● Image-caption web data
-- Opening Marker --

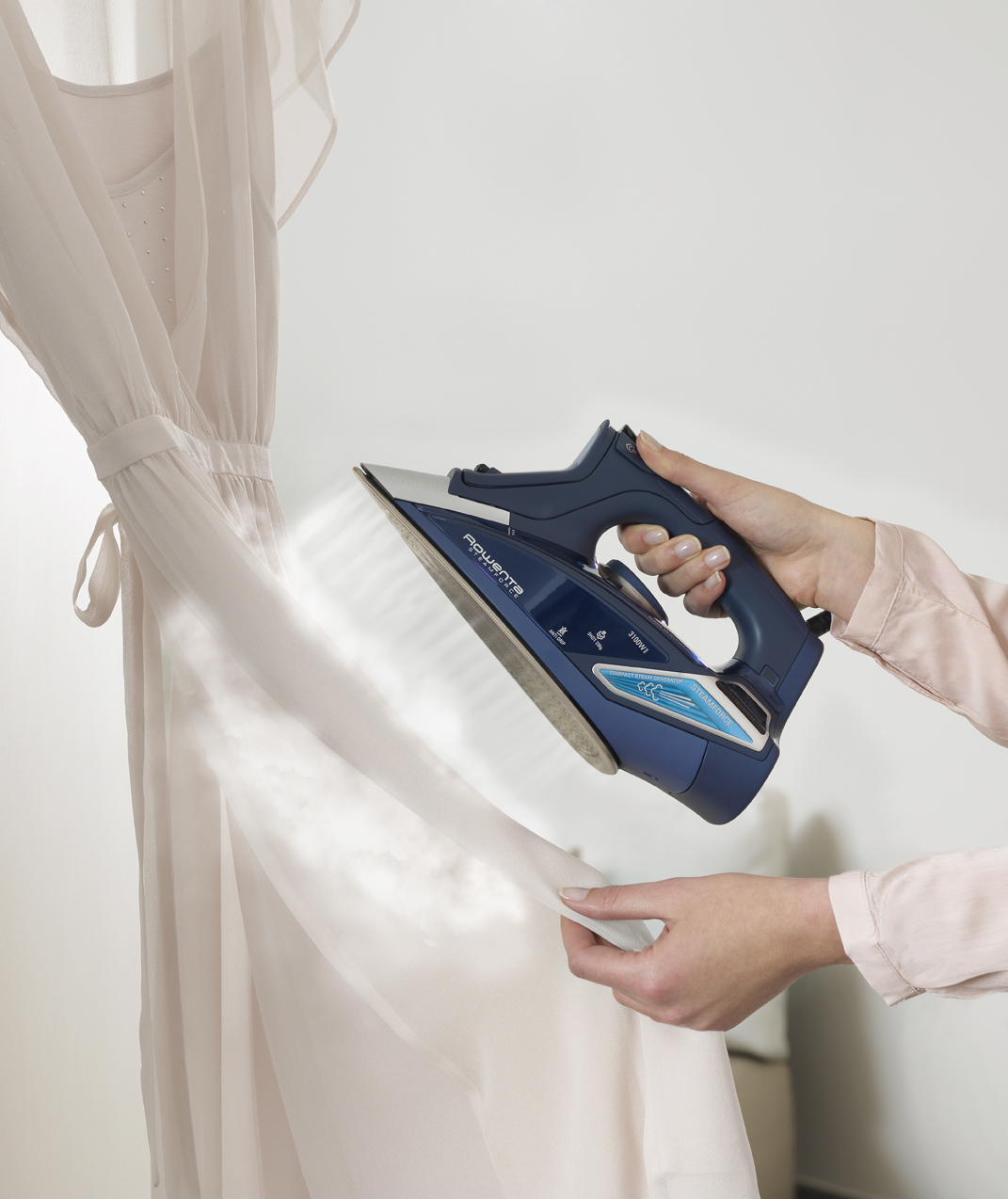 Eine Person bügelt ein Kleid mit einem blauen Bügeleisen, Dampf kommt heraus.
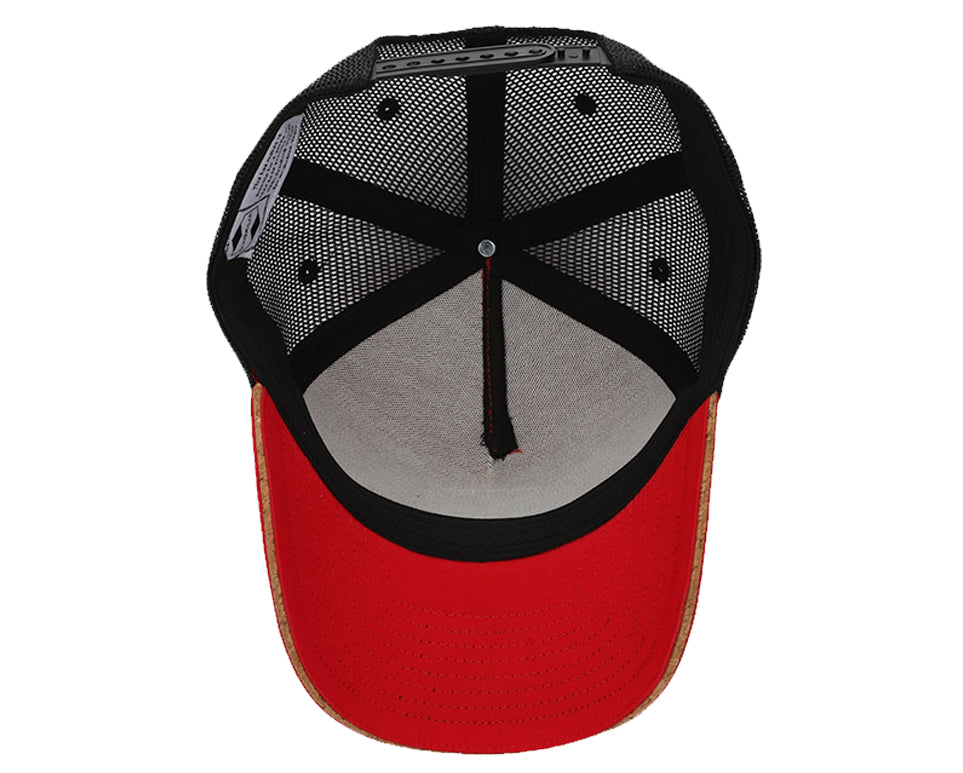 Red and black snapback hat with cork brim and mesh back, featuring a round recycled cork patch.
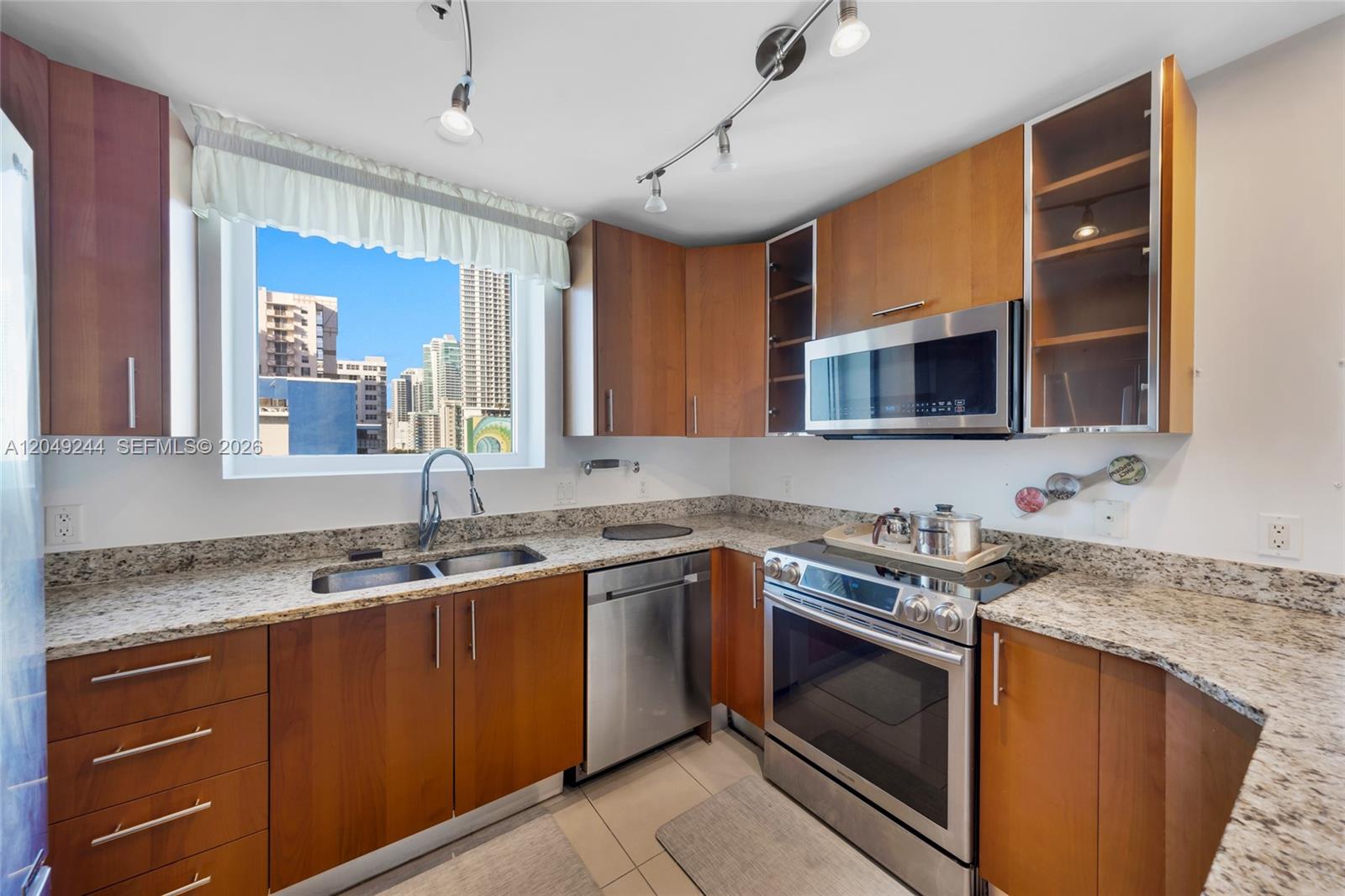 A kitchen features wood cabinets, granite countertops, stainless steel appliances, and a city view window — 1945 S Ocean Dr # 714, Hallandale Beach FL 33009, HALLANDALE BEACH, FL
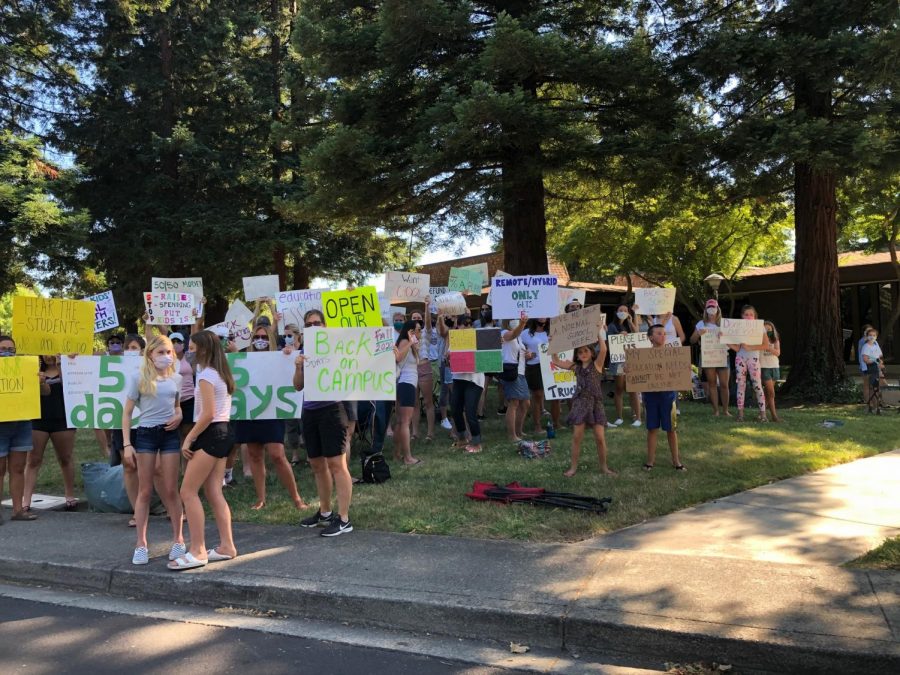 A group of SRVUSD parents and students sat outside of the district office on June 23 to protest.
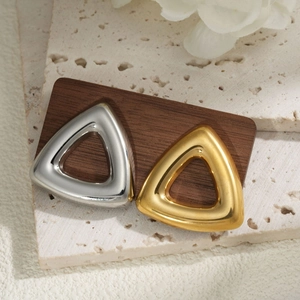 Polished hollow triangle stud earrings in gold and silver finish on elegant stone display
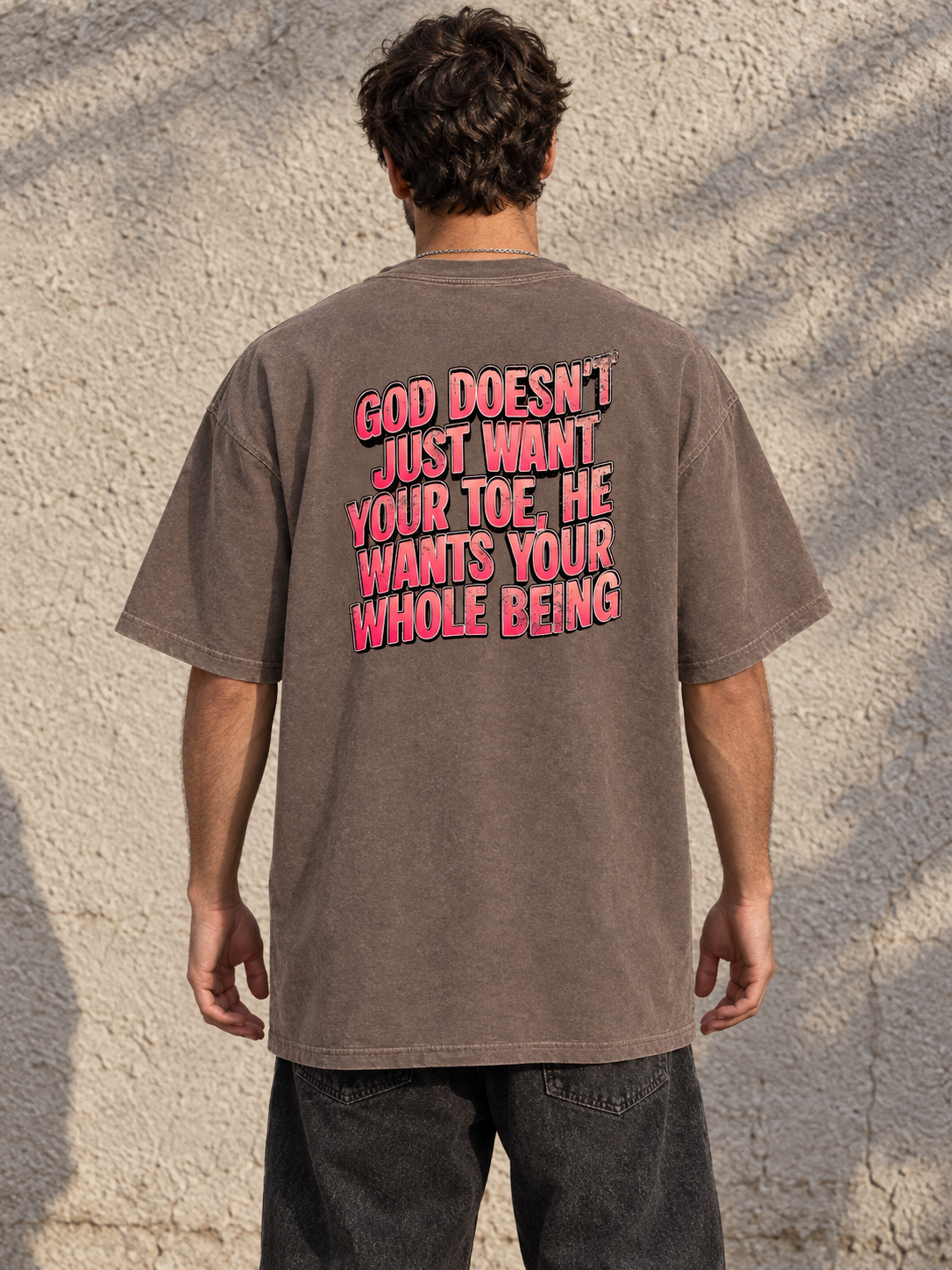 Model wearing GOD DOESN'T WANT YOUR TOE Vintage Wash Tee from behind, showing the pink statement graphic and normal tee length.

-- Closing Marker --

● Required action
Skip the pictures and transcribe the rest of the records exactly.

● Response area
 Eine Person bügelt ein Kleid mit einem blauen Bügeleisen, Dampf kommt heraus.
 Red and black snapback hat with cork brim and mesh back, featuring a round recycled cork patch.
 A kitchen features wood cabinets, granite countertops, stainless steel appliances, and a city view window — 1945 S Ocean Dr # 714, Hallandale Beach FL 33009, HALLANDALE BEACH, FL
 A group of SRVUSD parents and students sat outside of the district office on June 23 to protest.
 Polished hollow triangle stud earrings in gold and silver finish on elegant stone display
 Model wearing GOD DOESN'T WANT YOUR TOE Vintage Wash Tee from behind, showing the pink statement graphic and normal tee length.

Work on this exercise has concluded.